(Extracted information begins)
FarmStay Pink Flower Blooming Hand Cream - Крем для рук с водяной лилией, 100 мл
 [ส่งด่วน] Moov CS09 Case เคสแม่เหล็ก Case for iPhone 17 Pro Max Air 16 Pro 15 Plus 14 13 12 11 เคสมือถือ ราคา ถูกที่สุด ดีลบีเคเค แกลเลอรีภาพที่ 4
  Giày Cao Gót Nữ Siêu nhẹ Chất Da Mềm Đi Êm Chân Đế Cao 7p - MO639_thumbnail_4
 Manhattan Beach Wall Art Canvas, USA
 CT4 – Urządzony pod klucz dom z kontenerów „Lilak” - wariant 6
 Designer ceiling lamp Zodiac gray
(Extracted information ends)
=== Instructions for the task ===
Having read the material, return all of it word for word.

=== Written response ===
FarmStay Pink Flower Blooming Hand Cream - Крем для рук с водяной лилией, 100 мл
 [ส่งด่วน] Moov CS09 Case เคสแม่เหล็ก Case for iPhone 17 Pro Max Air 16 Pro 15 Plus 14 13 12 11 เคสมือถือ ราคา ถูกที่สุด ดีลบีเคเค แกลเลอรีภาพที่ 4
  Giày Cao Gót Nữ Siêu nhẹ Chất Da Mềm Đi Êm Chân Đế Cao 7p - MO639_thumbnail_4
 Manhattan Beach Wall Art Canvas, USA
 CT4 – Urządzony pod klucz dom z kontenerów „Lilak” - wariant 6
 Designer ceiling lamp Zodiac gray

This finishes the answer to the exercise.